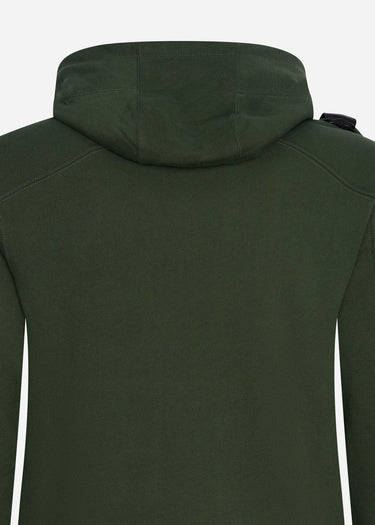 MA.Strum Hoodies Core overhead hoody - oil slick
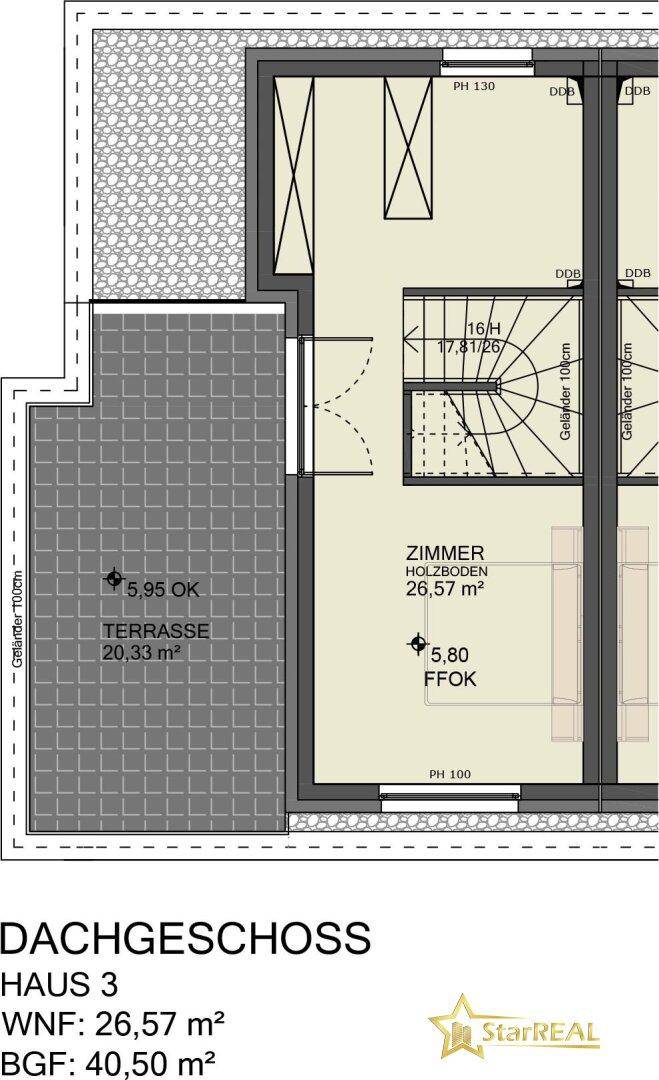HAUS 3 Dachgeschoss
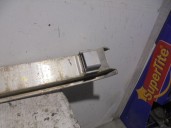 Recambio de refuerzo paragolpes delantero para saab 9000 cd 2.3 cd turbo referencia OEM IAM DE ALUMINIO 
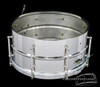 1930s Slingerland Professional Model Brass Snare Drum : 6.5 x 14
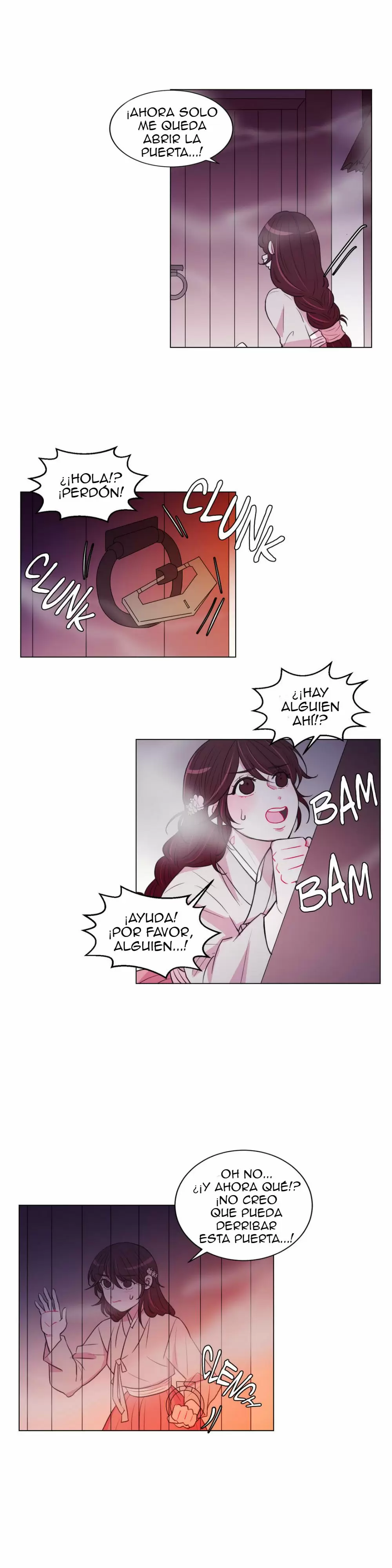 Moonlight garden Capítulo 33 - Page 17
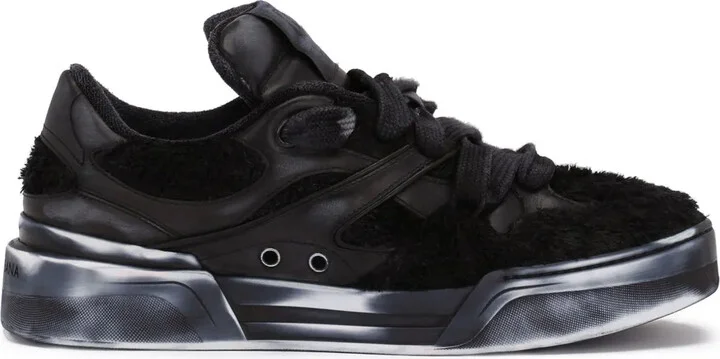 New Roma panelled sneakers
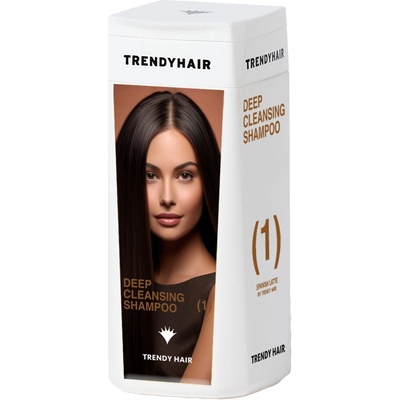 Trendy Hair Hloubkově čisticí šampon Spanish Latte 100 ml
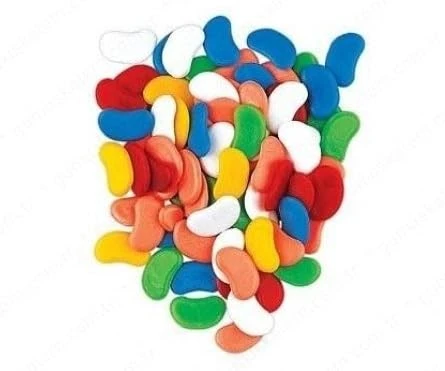 Hatas Karışık Renkli Sayı Fasulyesi Plastik Kutulu / 0874 ürün görseli 1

---

● **WHAT IS REQUIRED**:
With the pictures omitted, the material is to be transcribed exactly.

● **PROBLEM SOLUTION**:
 MA.Strum Hoodies Core overhead hoody - oil slick
HAUS 3 Dachgeschoss
 Recambio de refuerzo paragolpes delantero para saab 9000 cd 2.3 cd turbo referencia OEM IAM DE ALUMINIO 
 1930s Slingerland Professional Model Brass Snare Drum : 6.5 x 14
 Moonlight garden Capítulo 33 - Page 17
 New Roma panelled sneakers
 Trendy Hair Hloubkově čisticí šampon Spanish Latte 100 ml
 Hatas Karışık Renkli Sayı Fasulyesi Plastik Kutulu / 0874 ürün görseli 1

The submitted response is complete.